**** Provided records
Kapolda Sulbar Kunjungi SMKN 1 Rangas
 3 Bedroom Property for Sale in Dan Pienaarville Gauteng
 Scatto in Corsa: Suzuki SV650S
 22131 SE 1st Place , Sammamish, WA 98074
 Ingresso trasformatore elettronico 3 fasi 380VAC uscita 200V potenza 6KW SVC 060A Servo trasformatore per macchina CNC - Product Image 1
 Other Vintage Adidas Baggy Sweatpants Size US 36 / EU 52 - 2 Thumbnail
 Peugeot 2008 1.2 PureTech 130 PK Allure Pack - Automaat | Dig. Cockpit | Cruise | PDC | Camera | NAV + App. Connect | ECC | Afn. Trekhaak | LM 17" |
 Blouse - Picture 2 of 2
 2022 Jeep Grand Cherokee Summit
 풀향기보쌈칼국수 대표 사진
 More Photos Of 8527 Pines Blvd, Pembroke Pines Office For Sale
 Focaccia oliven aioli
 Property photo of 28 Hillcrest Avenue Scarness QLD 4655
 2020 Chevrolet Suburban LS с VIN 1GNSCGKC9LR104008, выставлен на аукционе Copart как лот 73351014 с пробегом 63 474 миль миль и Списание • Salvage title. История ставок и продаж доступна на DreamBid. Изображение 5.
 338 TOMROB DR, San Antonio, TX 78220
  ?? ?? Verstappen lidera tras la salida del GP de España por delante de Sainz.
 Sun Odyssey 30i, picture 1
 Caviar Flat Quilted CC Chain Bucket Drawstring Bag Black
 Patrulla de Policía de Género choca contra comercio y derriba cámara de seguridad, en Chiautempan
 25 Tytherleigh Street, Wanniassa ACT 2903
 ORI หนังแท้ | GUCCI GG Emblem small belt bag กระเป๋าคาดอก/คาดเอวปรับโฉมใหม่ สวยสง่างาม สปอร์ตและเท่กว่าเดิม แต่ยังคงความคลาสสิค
********
Activity: Copy out, exactly and alone, the lines of the entries above between the ones holding "2020 Chevrolet Suburban" and "25 Tytherleigh Street, Wanniassa ACT 2903", inclusive.

Solution for this task:
 2020 Chevrolet Suburban LS с VIN 1GNSCGKC9LR104008, выставлен на аукционе Copart как лот 73351014 с пробегом 63 474 миль миль и Списание • Salvage title. История ставок и продаж доступна на DreamBid. Изображение 5.
 338 TOMROB DR, San Antonio, TX 78220
  ?? ?? Verstappen lidera tras la salida del GP de España por delante de Sainz.
 Sun Odyssey 30i, picture 1
 Caviar Flat Quilted CC Chain Bucket Drawstring Bag Black
 Patrulla de Policía de Género choca contra comercio y derriba cámara de seguridad, en Chiautempan
 25 Tytherleigh Street, Wanniassa ACT 2903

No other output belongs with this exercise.